▸ **PROBLEM TO WORK ON**
How many lines in the records below contain "Prime"? Reply with the number alone.

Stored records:

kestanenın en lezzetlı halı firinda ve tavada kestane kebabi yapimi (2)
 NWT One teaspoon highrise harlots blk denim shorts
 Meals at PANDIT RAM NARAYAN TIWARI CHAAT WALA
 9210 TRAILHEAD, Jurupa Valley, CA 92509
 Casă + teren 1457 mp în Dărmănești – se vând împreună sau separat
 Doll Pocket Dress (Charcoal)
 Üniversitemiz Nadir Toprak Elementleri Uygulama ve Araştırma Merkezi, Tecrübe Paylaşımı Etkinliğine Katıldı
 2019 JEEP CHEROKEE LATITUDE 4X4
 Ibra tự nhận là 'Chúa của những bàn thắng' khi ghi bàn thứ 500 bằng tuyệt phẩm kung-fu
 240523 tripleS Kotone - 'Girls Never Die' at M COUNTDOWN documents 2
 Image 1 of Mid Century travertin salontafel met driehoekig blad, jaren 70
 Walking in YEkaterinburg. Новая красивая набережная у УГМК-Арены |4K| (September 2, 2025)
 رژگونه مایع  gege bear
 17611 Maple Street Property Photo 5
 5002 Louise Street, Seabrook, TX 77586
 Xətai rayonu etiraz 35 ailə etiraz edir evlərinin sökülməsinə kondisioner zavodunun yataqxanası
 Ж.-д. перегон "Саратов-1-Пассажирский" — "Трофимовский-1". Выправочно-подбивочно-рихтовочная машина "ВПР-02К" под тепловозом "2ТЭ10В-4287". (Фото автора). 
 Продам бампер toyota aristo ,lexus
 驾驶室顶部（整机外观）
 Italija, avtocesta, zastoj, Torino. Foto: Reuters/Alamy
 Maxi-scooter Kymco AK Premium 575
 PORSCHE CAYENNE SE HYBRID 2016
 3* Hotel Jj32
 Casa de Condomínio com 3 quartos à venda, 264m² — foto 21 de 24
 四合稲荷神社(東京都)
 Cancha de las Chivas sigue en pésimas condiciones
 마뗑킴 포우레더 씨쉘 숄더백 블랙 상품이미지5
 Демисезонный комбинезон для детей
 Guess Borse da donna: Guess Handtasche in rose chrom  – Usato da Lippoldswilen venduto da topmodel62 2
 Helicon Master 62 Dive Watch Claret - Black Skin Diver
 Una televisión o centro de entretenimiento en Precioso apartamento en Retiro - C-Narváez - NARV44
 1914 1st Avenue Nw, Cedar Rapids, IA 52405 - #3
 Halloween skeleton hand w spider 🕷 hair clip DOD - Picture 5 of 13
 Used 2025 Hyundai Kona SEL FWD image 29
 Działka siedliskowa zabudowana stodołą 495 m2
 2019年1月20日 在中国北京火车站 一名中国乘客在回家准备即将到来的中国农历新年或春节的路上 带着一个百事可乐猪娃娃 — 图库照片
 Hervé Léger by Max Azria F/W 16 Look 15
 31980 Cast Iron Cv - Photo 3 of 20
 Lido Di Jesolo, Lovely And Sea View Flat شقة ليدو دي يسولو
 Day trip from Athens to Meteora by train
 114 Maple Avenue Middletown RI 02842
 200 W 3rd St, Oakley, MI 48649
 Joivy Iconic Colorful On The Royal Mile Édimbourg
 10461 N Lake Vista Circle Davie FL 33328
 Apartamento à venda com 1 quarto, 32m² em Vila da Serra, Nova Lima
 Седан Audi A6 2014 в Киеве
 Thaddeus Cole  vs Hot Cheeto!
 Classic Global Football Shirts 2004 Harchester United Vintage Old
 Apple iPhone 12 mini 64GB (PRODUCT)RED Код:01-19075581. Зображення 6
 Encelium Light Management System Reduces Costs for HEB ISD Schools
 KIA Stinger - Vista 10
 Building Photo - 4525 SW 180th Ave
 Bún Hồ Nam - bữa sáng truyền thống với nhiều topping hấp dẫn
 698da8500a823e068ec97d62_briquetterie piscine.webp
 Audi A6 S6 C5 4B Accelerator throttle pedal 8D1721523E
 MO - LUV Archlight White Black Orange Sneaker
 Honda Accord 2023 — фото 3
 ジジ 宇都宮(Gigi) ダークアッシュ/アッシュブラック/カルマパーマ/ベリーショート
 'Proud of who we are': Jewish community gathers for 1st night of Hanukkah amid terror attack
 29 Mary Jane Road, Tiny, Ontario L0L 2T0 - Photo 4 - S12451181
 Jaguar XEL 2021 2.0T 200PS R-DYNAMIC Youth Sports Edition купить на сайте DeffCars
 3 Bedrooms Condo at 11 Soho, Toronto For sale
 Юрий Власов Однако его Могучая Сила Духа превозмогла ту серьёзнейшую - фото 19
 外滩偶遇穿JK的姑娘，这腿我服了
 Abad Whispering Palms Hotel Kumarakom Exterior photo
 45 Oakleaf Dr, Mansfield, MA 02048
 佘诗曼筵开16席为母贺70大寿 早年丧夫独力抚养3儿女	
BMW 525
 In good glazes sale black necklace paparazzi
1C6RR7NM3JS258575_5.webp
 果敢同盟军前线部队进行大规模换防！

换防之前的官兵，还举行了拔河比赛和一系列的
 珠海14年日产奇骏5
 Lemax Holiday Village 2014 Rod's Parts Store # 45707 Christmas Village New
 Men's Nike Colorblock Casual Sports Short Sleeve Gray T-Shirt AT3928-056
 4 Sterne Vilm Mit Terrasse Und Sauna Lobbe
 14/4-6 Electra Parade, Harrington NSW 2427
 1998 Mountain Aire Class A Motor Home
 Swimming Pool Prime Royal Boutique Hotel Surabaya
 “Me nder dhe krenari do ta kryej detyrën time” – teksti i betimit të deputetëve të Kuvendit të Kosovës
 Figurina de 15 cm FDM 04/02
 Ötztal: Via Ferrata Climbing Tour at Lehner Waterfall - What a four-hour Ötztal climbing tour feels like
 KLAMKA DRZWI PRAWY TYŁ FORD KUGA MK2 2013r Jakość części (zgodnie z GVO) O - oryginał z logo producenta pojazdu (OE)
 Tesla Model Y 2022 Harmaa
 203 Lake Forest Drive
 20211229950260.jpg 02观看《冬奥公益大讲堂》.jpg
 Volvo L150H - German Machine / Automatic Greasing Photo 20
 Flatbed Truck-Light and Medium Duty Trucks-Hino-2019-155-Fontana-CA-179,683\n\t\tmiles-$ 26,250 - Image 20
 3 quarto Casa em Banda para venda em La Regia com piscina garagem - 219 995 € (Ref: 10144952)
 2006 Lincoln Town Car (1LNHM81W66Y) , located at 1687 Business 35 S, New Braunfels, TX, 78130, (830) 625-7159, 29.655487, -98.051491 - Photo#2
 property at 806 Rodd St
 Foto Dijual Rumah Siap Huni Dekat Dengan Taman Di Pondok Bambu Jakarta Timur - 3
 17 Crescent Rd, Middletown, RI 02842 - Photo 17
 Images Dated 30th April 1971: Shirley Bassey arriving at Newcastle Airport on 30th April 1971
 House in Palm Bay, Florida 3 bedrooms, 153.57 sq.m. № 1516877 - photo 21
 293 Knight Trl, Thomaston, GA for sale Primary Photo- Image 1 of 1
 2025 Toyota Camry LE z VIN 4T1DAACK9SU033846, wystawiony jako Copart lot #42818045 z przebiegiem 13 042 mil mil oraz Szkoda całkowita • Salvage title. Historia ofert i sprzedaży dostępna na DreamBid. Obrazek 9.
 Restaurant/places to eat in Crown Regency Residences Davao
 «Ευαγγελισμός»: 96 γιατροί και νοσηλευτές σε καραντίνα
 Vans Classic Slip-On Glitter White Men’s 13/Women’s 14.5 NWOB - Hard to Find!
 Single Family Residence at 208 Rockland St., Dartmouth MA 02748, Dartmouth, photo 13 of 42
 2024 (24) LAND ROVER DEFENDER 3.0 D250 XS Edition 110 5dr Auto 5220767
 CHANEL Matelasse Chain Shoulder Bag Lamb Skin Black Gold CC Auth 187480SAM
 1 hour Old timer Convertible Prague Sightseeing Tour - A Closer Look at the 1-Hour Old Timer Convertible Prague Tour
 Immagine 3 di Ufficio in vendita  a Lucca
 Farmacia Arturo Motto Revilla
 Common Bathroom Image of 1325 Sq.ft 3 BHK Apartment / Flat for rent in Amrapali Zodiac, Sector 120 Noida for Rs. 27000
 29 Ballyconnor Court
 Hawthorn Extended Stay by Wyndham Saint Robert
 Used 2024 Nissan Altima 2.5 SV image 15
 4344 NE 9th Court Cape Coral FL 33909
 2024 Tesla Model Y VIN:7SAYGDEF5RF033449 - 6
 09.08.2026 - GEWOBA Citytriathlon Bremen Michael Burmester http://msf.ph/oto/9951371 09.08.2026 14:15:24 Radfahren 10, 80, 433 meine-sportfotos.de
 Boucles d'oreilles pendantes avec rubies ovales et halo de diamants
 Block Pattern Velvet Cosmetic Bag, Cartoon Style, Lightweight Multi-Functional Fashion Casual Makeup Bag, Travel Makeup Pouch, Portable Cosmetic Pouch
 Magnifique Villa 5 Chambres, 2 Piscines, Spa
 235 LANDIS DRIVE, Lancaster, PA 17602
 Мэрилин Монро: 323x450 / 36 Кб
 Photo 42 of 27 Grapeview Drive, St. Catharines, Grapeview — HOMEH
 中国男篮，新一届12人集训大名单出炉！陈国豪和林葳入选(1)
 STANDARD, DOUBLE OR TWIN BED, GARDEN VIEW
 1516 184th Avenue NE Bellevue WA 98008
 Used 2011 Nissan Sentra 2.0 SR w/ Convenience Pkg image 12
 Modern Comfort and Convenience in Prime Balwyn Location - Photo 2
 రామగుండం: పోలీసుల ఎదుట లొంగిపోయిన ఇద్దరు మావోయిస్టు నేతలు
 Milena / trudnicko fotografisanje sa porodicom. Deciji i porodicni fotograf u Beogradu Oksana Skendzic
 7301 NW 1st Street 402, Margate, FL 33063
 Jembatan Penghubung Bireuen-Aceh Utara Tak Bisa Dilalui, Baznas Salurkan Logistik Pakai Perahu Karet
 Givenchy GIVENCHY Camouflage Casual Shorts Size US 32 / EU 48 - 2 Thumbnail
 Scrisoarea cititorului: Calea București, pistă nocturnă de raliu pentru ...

▸ **YOUR SOLUTION**
2